Last name, first name:

Student number:

**263-0007-00L: Advanced Systems Lab** ETH Computer Science, Spring 2025 Midterm Exam Wednesday, April 16, 2025

#### Instructions

- Write your full name and student number on the front.
- Make sure that your exam is not missing any sheets.
- No extra sheets are allowed.
- The exam has a maximum score of 100 points.
- No books, notes, laptops, cell phones, or other electronic devices are allowed.
- Dedicated calculators are allowed, i.e not the ones in your mobile phones.

Problem 1 (21=4+2+2+3+3+5)Problem 2 (16=2+1+4+3+6)Problem 3 (14=6+4+4)Problem 4 (16=2+1+4+3+3+3)Problem 5 (15=1+1+6+4+3)Problem 6 (18=3+3+3+3+3+3)

| _ |
|---|
|   |
|   |
|   |
|   |
|   |
|   |
|   |
|   |
|   |
|   |
| _ |
|   |
|   |
|   |
|   |
|   |
|   |
|   |

Total (100)

# Problem 1: Sampler (21=4+2+2+3+3+5)

Be brief in your answers, no need to show derivations unless indicated otherwise.

- 1. Reply to the following. Be precise.
  - (a) What is the latency of an instruction?

**Solution:** It is the number of cycles that occur between issuing an instruction and having the result in a register.

(b) What is the throughput of an instruction?

**Solution:** It is the number of independent instruction of the same type that can be issued at the same cycle.

(c) What is the difference between a port and an execution unit of a CPU?

**Solution:** Each port has multiple execution units. A port can issue an instruction per cycle. When an instruction is issued, the execution unit for that instructions is busy for  $\lceil 1/throughput \rceil$  cycles.
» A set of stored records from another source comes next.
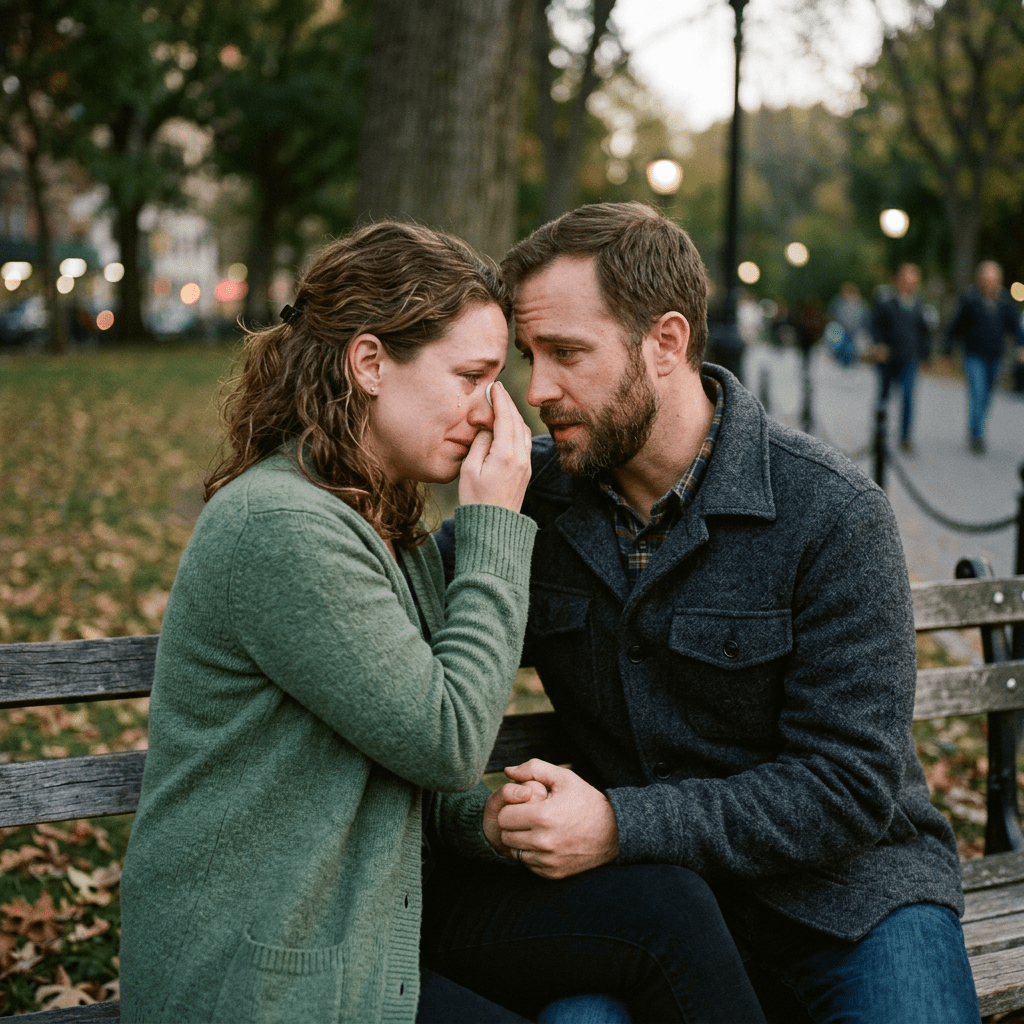 Man comforting crying woman sitting together on a wooden bench in a park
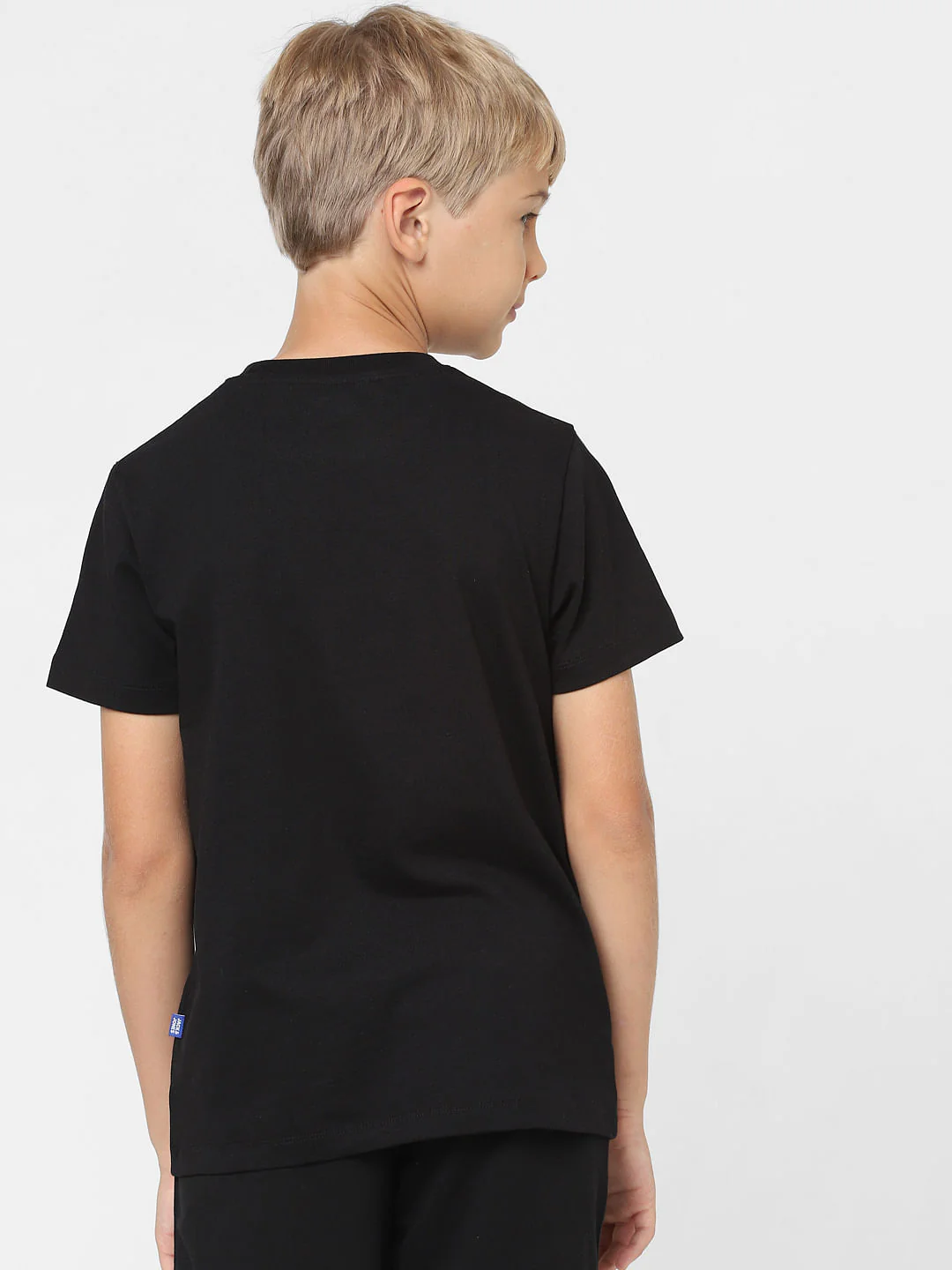 Boys Black Printed Crew Neck T-shirt - Image 4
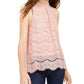 Top de renda metálica Love Fire Juniors rosa tamanho extragrande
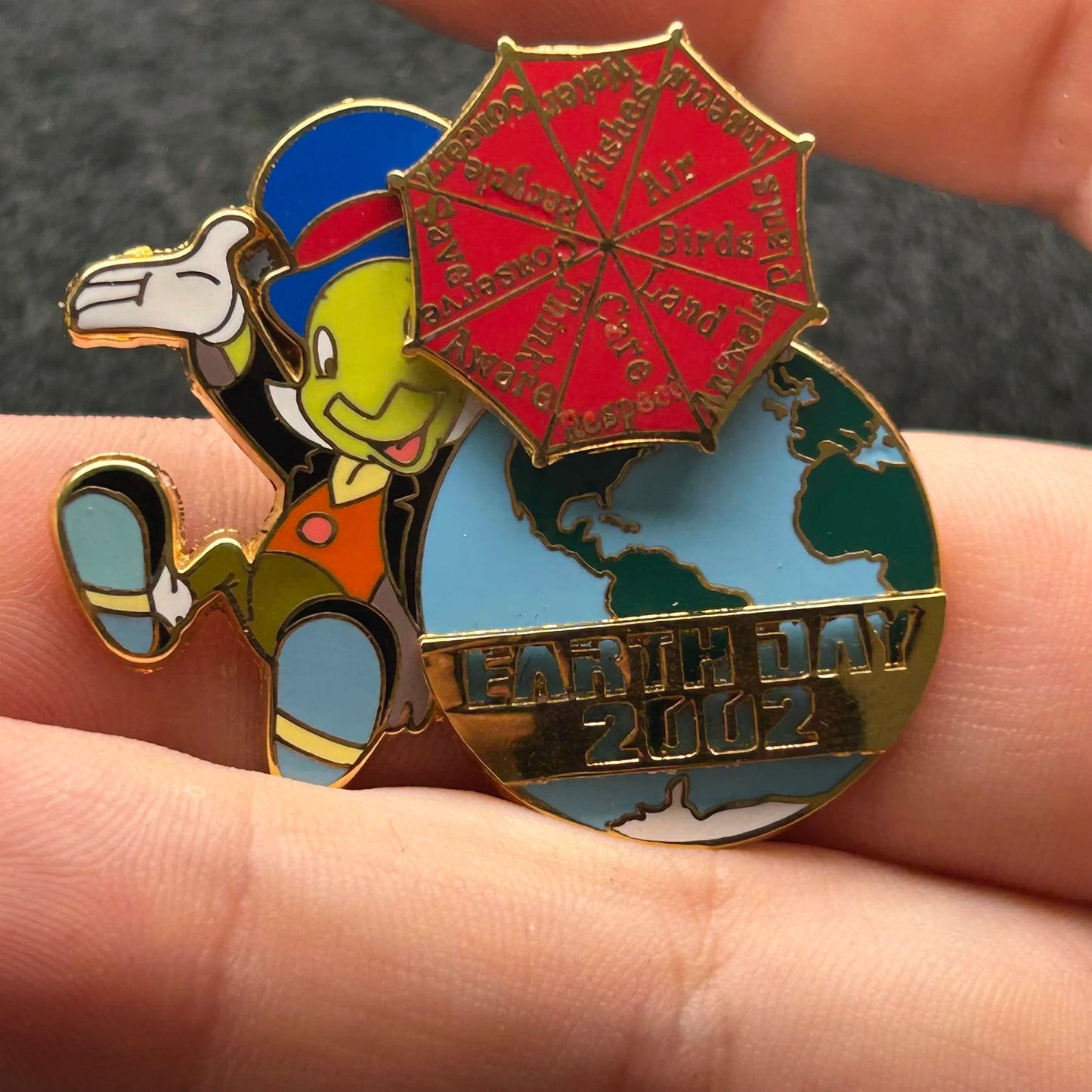 2002 - Jiminy Cricket - Pinocchio - Spinning Umbrella - LE 5,000 - Earth Day - Disney Pin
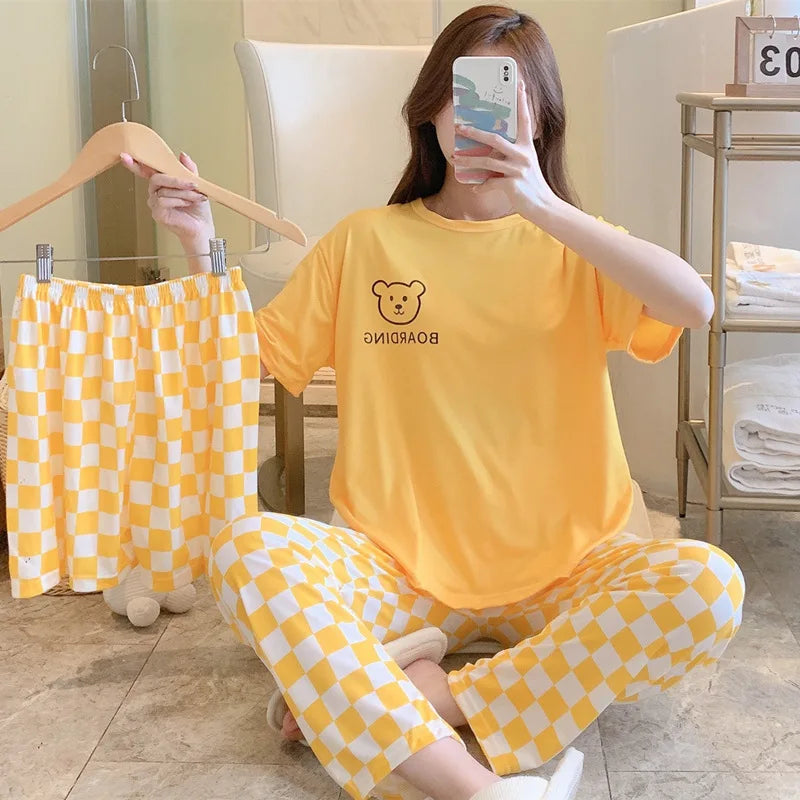 Dames pyjama katoen met stretch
2. Consider a CPU on which a floating point addition has inverse throughput  $\frac{1}{3}$  and latency 2. How many independent additions would you need at least to expect maximal performance when executed?

#### Solution: 6

3. Give two differences between the Skylake x86 processor and the Apple M-series Arm processors seen during the lectures.

Solution: Multiple options are possible. Example of differences:

- More execution ports
- Vector size is only 128 bits
- Asymmetric architecture (efficiency and performance cores)
- Apple uses Neon, Skylake uses AVX/AVX2/SSE...
- 4. What is the output of this function?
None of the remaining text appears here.